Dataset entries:
[Start of section]

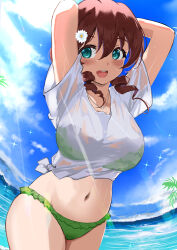 Rule 34 | 1girl, absurdres, arms behind head, arms up, bikini, bikini under clothes, blue eyes, blush, breasts, brown hair, day, drill hair, emma verde, flower, freckles, frilled bikini, frills, green bikini, hair flower, hair ornament, highres, jewelry, large breasts, looking at viewer, love live!, love live! nijigasaki high school idol club, medium hair, navel, necklace, ocean, open mouth, outdoors, palm tree, pisagi, see-through, shirt, smile, solo, standing, stomach, swimsuit, tied shirt, tree, twin drills, wet, wet clothes, wet shirt, white shirt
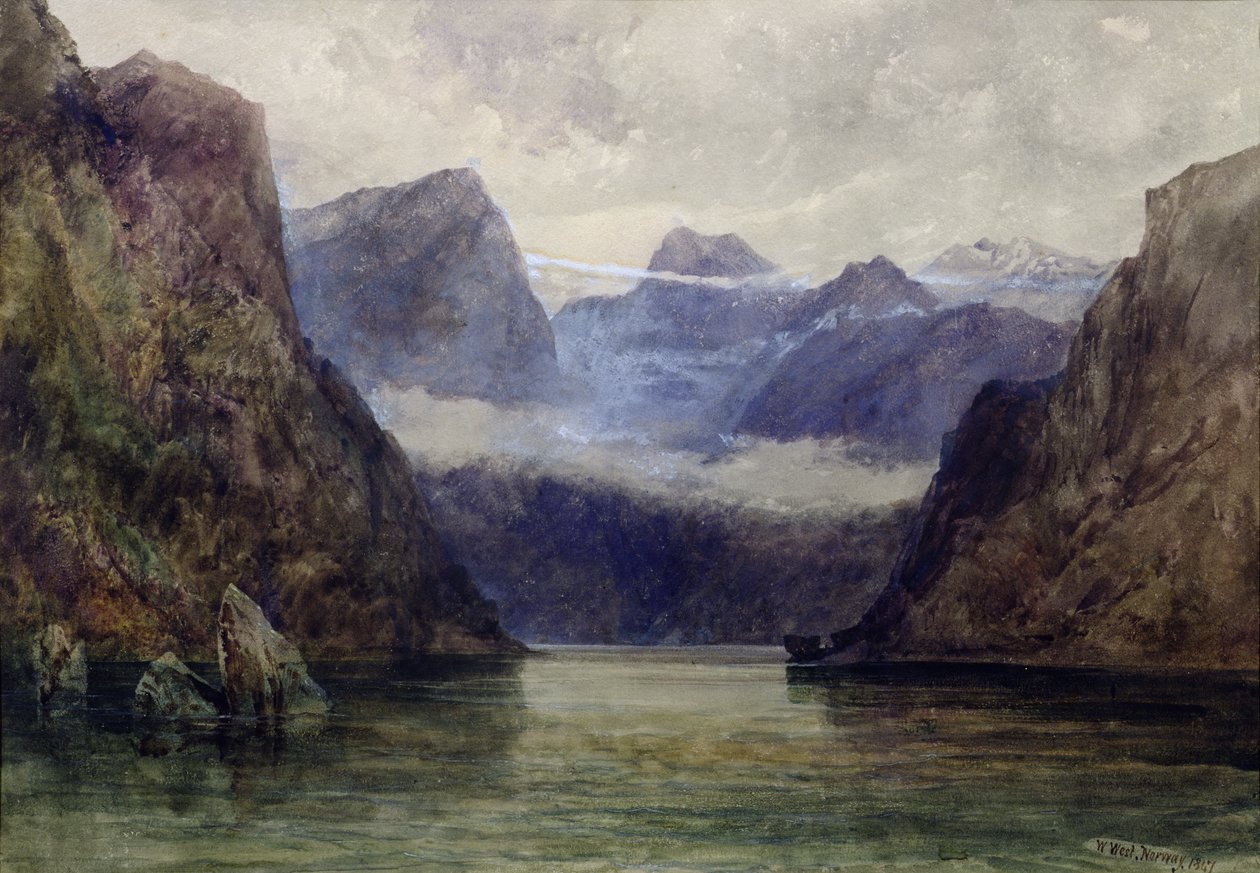 Fiord Romsdal o północy, 1847 autorstwa William West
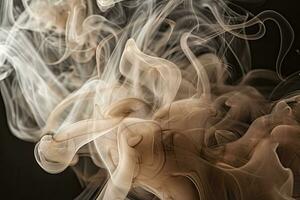 Light background with puffs of ivory smoke. Smoke whiffs and swirls. Generative AI photo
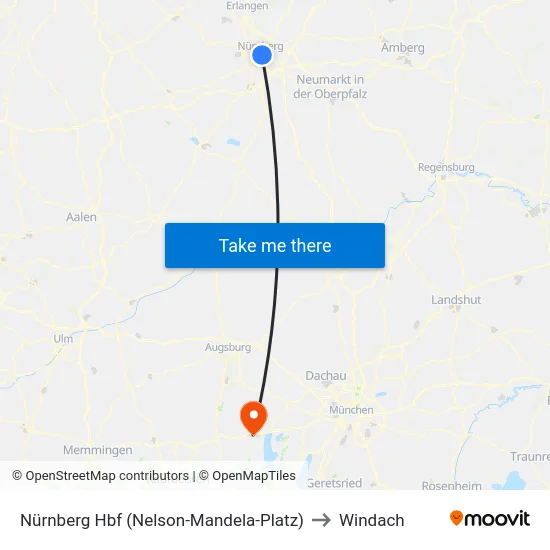 Nürnberg Hbf (Nelson-Mandela-Platz) to Windach map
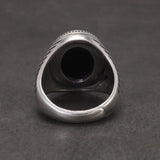 Real 925 Sterling Silver Oval Onyx Stone Signet Ring for Men Adjustable Turkey Wedding Ring Trendy Vintage Jewelry Gift
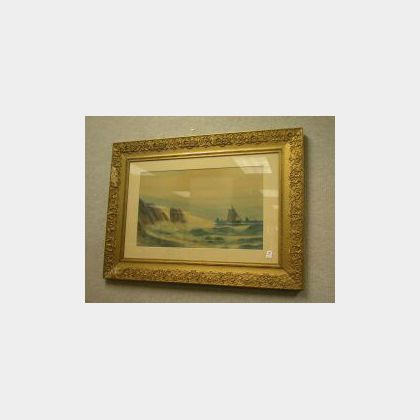 Framed Watercolor Seascape
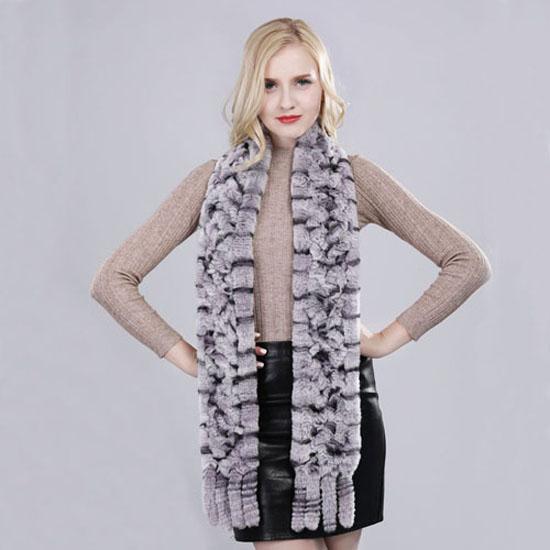 New Arrival Russian Women Real Rex Rabbit Fur Scarves Ladies Winter Natural Rex Rabbit Fur Scarves Knit Tassel Real Fur Shawls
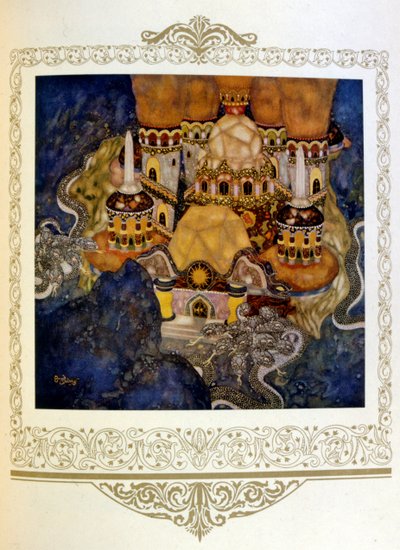 Ilustração "Palácio do Dragão Vermelho. Sérvia" de Dulac. 1917. de Edmund Dulac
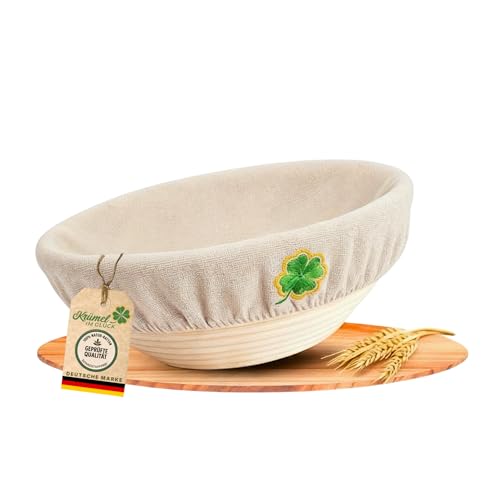 Krümel im Glück® Gärkörbchen rund 23 cm - 100% Natur-Rattan inkl. waschbarem Überzug zum Brot backen, Gärkorb als Backzubehör für Sauerteig Starter Set, Brot backen Zubehör, Brotkorb, 1Kg Teig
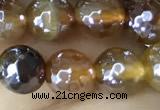 CAA5566 15 inches 6mm faceted round AB-color banded agate beads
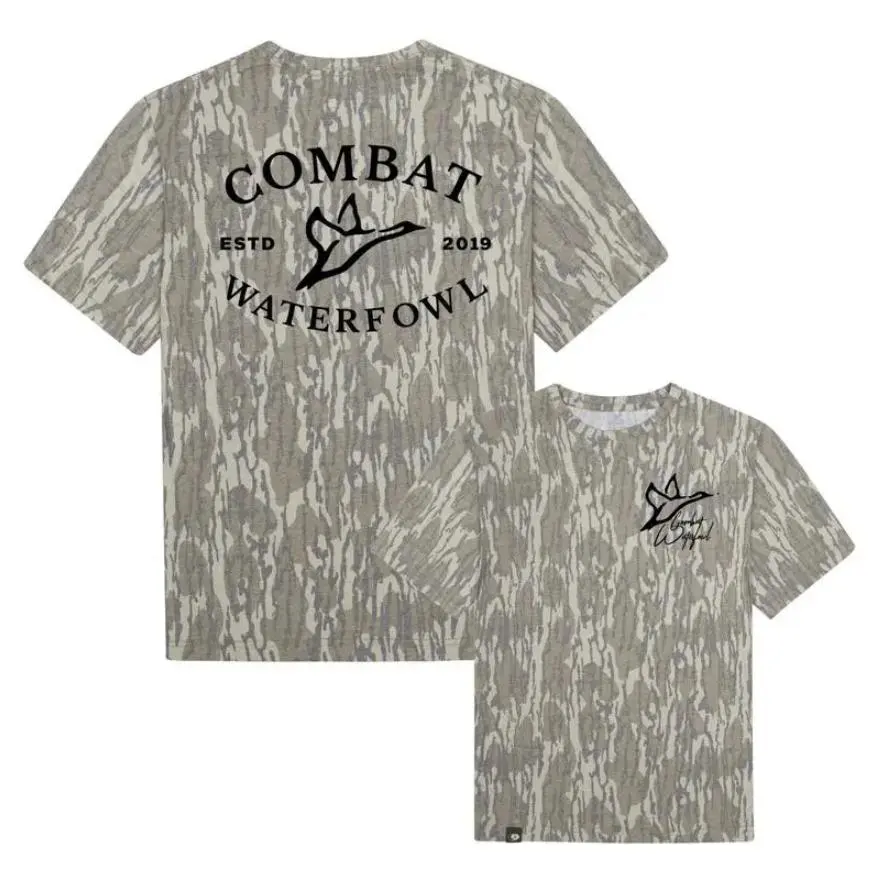 Combat Waterfowl T-Shirt Camo Tee | Unisex Bottomland Combat T-Shirt Camouflage Waterfowl Shirt Outdoor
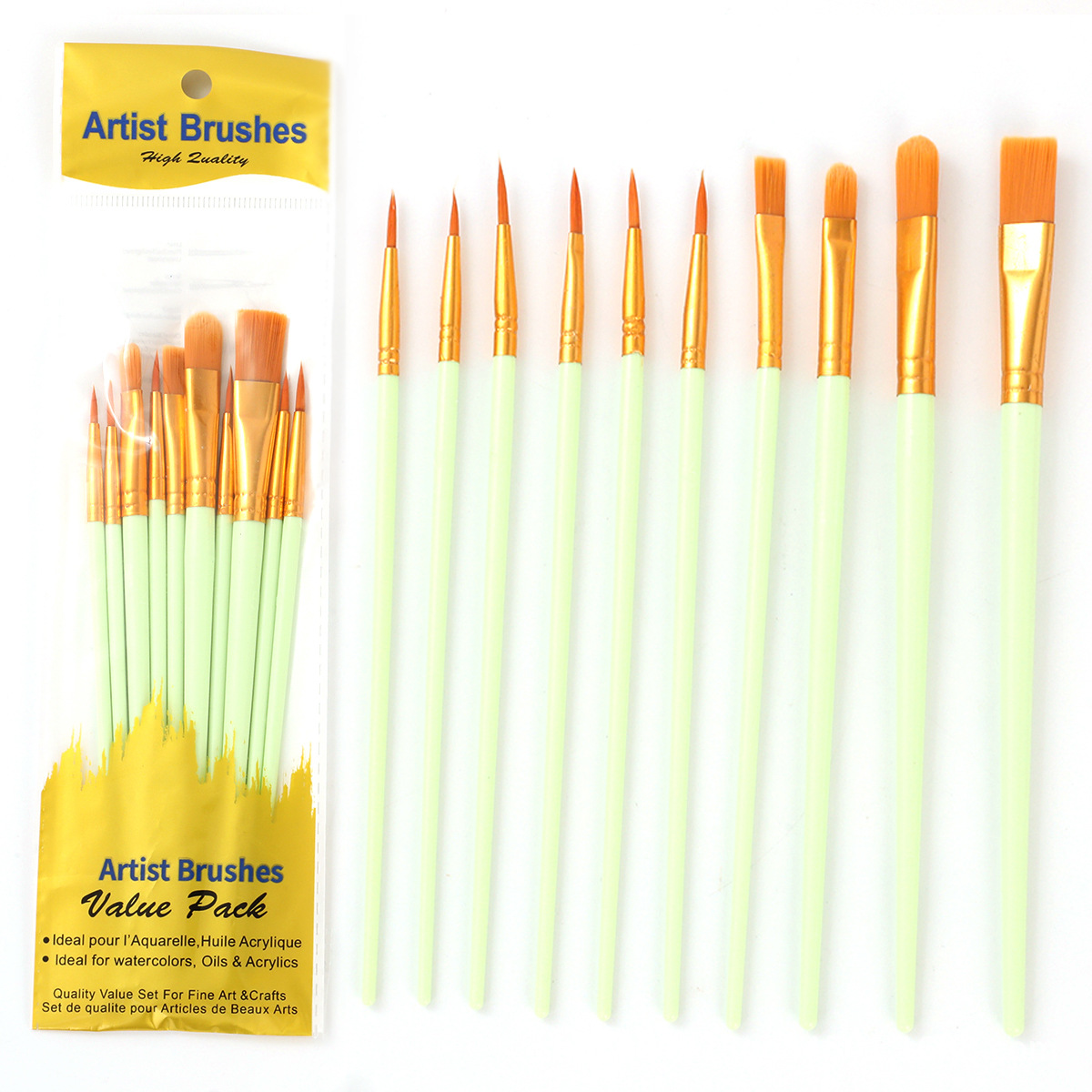 Los fabricantes venden al por mayor diez juegos de pinceles de pelo de nailon, pinceles de aceite de poste de plástico, pinceles de arte, pinceles de pintura de gouache de acuarela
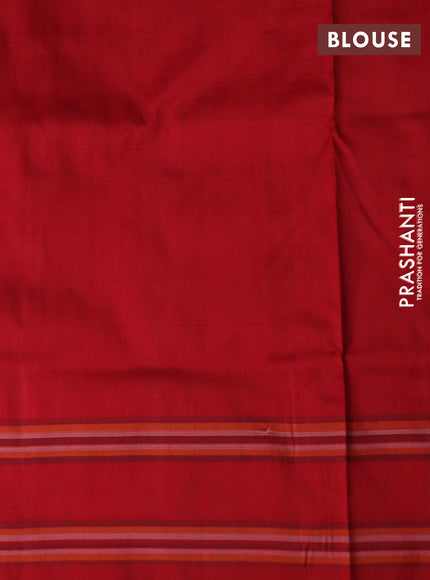 Pochampally silk saree deep maroon red and red with allover ikat weaves and rettapet woven border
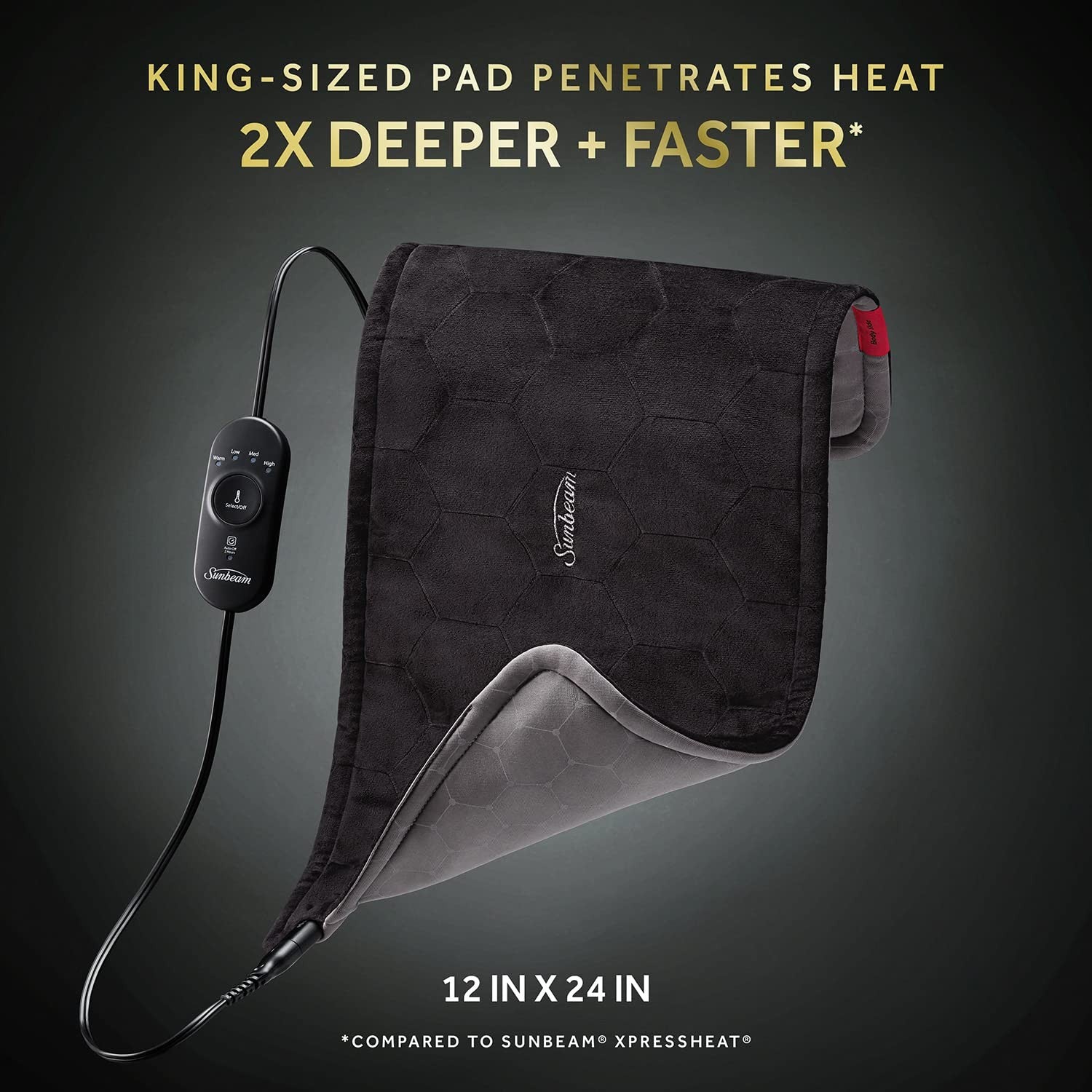 Sunbeam AdvancedHeat King-Sized Heating Pad, Sunbeam Heating Pad for Tough Pain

[End of section]

EXERCISE DESCRIPTION: Please repeat the lines above from the line containing "Combat Waterfowl T-Shirt" through the final line, both included, exactly as they stand and without pictures.

EXERCISE ANSWER:
 Combat Waterfowl T-Shirt Camo Tee | Unisex Bottomland Combat T-Shirt Camouflage Waterfowl Shirt Outdoor
 Los fabricantes venden al por mayor diez juegos de pinceles de pelo de nailon, pinceles de aceite de poste de plástico, pinceles de arte, pinceles de pintura de gouache de acuarela
 Pochampally silk saree deep maroon red and red with allover ikat weaves and rettapet woven border
 Sunbeam AdvancedHeat King-Sized Heating Pad, Sunbeam Heating Pad for Tough Pain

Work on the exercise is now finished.